Set seed here to ensure determinism.
diff --git a/transformer_lens/SVDInterpreter.py b/transformer_lens/SVDInterpreter.py
index df5694ffe..caaecd448 100644
--- a/transformer_lens/SVDInterpreter.py
+++ b/transformer_lens/SVDInterpreter.py
@@ -32,30 +32,46 @@ def get_singular_vectors(
) -> torch.Tensor:
"""Gets the singular vectors for a given vector type, layer, and optionally head.
- Options:
- - OV: Get the singular vectors of the OV matrix for a particular layer and head.
- - w_in: Get the singular vectors of the w_in matrix for a particular layer.
- - w_out: Get the singular vectors of the w_out matrix for a particular layer.
-
- Returns a (d_vocab, 1, num_vectors) tensor.
-
- This tensor can then be plotted using Neel's PySvelte, as demonstrated in the demo for this feature. The demo also points out some "gotchas" in this feature - numerical instability means inconsistency across devices, and the default HookedTransformer parameters don't replicate the original SVD post very well. So I'd recommend checking out the demo if you want to use this!
+ This tensor can then be plotted using Neel's PySvelte, as demonstrated in the demo for this
+ feature. The demo also points out some "gotchas" in this feature - numerical instability
+ means inconsistency across devices, and the default HookedTransformer parameters don't
+ replicate the original SVD post very well.
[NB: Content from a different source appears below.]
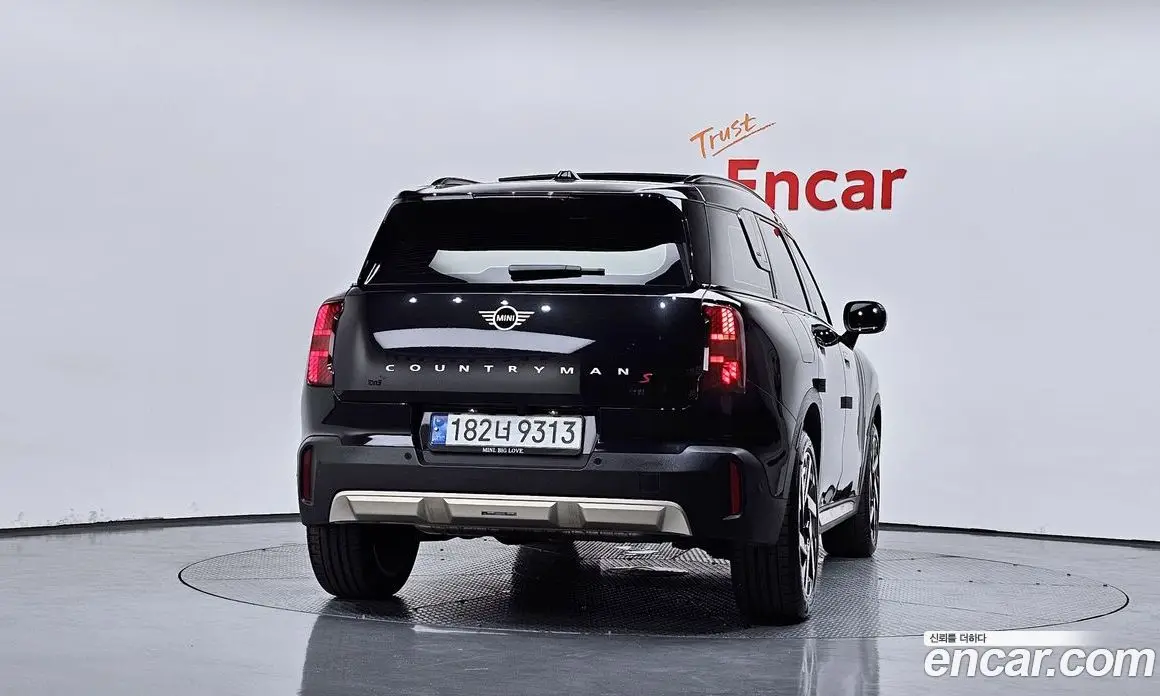 Mini Countryman 2024 2.0 автомат (гидро), фото 4 Mini Countryman 2024 2.0 автомат (гидро), фото 4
So I'd recommend checking out the demo if you
+ want to use this!
Example:
+
.. code-block:: python
- build-docsfrom transformer_lens import HookedTransformer, SVDInterpreter
- build-docsmodel = HookedTransformer.from_pretrained('gpt2-medium')
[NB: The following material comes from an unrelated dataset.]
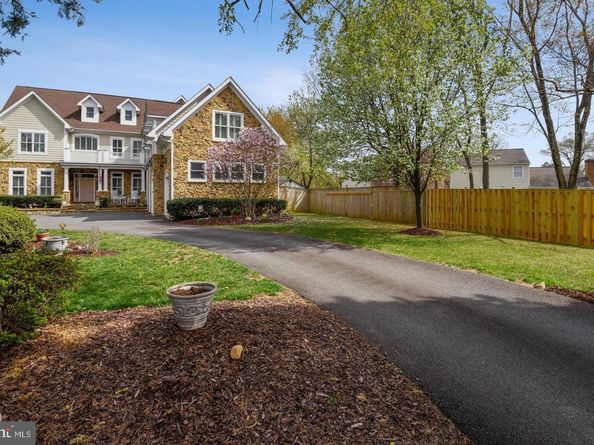 2017 Woodford Road, Vienna VA 22182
- build-docssvd_interpreter = SVDInterpreter(model)
- build-docsov = svd_interpreter.get_singular_vectors('OV', layer_index=22, head_index=10)
+ from transformer_lens import HookedTransformer, SVDInterpreter
+
+ model = HookedTransformer.from_pretrained('gpt2-medium')
+ svd_interpreter = SVDInterpreter(model)
+
+ ov = svd_interpreter.get_singular_vectors('OV', layer_index=22, head_index=10)
+
+ all_tokens = [model.to_str_tokens(np.array([i])) for i in range(model.cfg.d_vocab)]
+ all_tokens = [all_tokens[i][0] for i in range(model.cfg.d_vocab)]
- build-docsall_tokens = [model.to_str_tokens(np.array([i])) for i in range(model.cfg.d_vocab)]
- build-docsall_tokens = [all_tokens[i][0] for i in range(model.cfg.d_vocab)]
+ def plot_matrix(matrix, tokens, k=10, filter="topk"):
+ pysvelte.TopKTable(
+ tokens=all_tokens,
+ activations=matrix,
+ obj_type="SVD direction",
+ k=k,
+ filter=filter
+ ).show()
- build-docsdef plot_matrix(matrix, tokens, k=10, filter="topk"):
- build-docs pysvelte.TopKTable(tokens=all_tokens, activations=matrix, obj_type="SVD direction", k=k, filter=filter).show()
+ plot_matrix(ov, all_tokens)
- build-docsplot_matrix(ov, all_tokens)"""
+ Args:
+ vector_type: Type of the vector:
+ - "OV": Singular vectors of the OV matrix for a particular layer and head.
+ - "w_in": Singular vectors of the w_in matrix for a particular layer.
+ - "w_out": Singular vectors of the w_out matrix for a particular layer.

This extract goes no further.